**TASK TO COMPLETE**. Going line by line through the records below, write out everything starting with the line containing "Version 2 offers" and going on through the line containing "During the second", exactly and inclusively. Pictures do not go in.
━━ SOURCE MATERIAL ━━
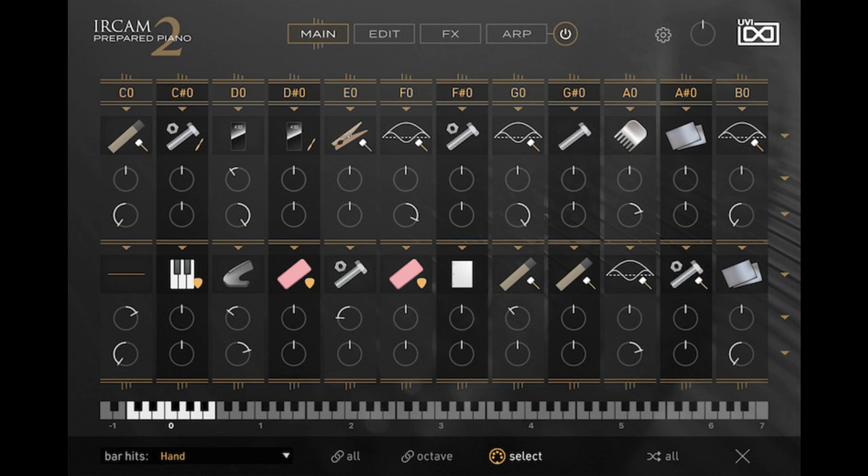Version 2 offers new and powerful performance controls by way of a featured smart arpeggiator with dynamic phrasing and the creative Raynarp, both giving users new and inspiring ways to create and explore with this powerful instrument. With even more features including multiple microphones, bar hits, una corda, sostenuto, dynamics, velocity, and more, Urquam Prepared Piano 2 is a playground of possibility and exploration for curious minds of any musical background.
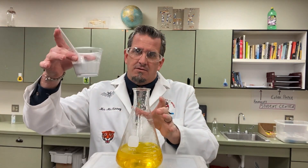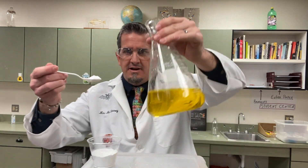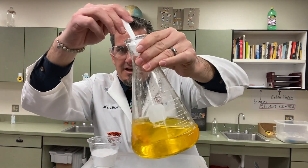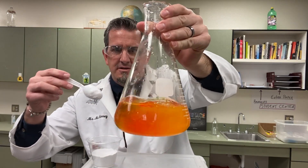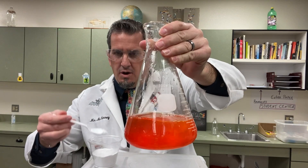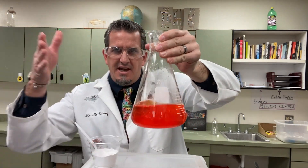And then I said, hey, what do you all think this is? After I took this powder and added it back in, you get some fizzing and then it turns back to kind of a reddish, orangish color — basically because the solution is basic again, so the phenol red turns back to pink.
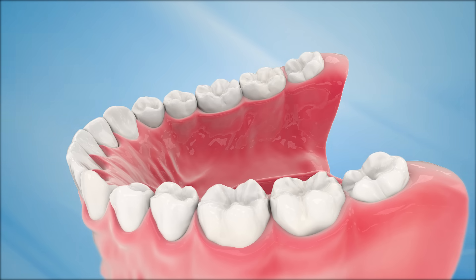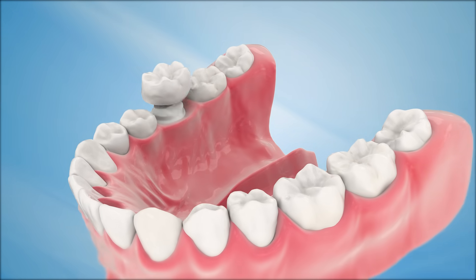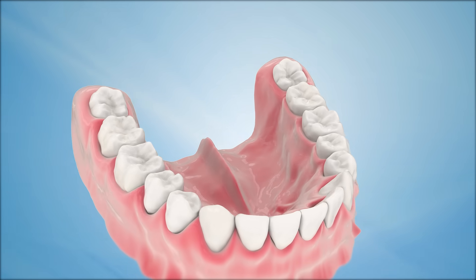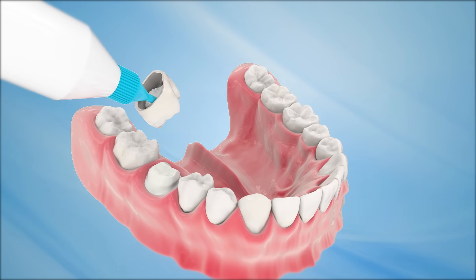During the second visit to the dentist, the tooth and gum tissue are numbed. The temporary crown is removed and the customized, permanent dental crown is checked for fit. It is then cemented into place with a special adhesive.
━━━
━━ SOURCE MATERIAL ━━
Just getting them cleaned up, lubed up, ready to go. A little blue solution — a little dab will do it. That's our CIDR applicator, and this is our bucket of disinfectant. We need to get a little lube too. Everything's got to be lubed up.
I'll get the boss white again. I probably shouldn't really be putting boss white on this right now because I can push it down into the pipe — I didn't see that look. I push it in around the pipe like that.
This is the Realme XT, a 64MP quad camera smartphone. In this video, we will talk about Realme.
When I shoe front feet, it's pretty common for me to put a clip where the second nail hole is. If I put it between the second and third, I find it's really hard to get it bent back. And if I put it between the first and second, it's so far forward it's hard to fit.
━━━
━━ SOURCE MATERIAL ━━
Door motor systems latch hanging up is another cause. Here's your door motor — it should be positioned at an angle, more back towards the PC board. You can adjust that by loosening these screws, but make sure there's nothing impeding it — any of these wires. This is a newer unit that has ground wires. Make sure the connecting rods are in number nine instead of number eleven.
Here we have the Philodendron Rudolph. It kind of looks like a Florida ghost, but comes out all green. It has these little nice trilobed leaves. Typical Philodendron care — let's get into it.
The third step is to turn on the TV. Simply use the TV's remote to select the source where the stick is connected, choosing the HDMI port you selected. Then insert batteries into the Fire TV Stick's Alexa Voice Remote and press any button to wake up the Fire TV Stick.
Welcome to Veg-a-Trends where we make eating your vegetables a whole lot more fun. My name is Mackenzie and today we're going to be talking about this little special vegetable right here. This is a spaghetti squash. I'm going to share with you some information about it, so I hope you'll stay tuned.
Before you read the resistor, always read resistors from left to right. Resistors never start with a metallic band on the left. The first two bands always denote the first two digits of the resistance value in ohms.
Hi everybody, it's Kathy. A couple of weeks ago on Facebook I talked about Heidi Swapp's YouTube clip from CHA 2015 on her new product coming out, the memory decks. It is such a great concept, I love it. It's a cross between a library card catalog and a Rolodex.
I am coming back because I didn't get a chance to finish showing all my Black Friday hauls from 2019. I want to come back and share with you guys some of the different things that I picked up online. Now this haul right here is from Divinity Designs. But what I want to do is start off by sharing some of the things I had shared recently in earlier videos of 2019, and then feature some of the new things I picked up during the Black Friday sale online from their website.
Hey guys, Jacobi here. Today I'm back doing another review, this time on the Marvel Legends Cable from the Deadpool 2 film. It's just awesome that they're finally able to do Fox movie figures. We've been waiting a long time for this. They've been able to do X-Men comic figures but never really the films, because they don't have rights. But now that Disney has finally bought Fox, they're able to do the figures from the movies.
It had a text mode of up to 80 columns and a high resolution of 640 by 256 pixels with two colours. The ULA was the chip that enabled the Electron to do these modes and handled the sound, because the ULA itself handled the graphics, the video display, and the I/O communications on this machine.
━━━
**WRITTEN RESPONSE**.
Version 2 offers new and powerful performance controls by way of a featured smart arpeggiator with dynamic phrasing and the creative Raynarp, both giving users new and inspiring ways to create and explore with this powerful instrument. With even more features including multiple microphones, bar hits, una corda, sostenuto, dynamics, velocity, and more, Urquam Prepared Piano 2 is a playground of possibility and exploration for curious minds of any musical background.
And then I said, hey, what do you all think this is? After I took this powder and added it back in, you get some fizzing and then it turns back to kind of a reddish, orangish color — basically because the solution is basic again, so the phenol red turns back to pink.
During the second visit to the dentist, the tooth and gum tissue are numbed. The temporary crown is removed and the customized, permanent dental crown is checked for fit. It is then cemented into place with a special adhesive.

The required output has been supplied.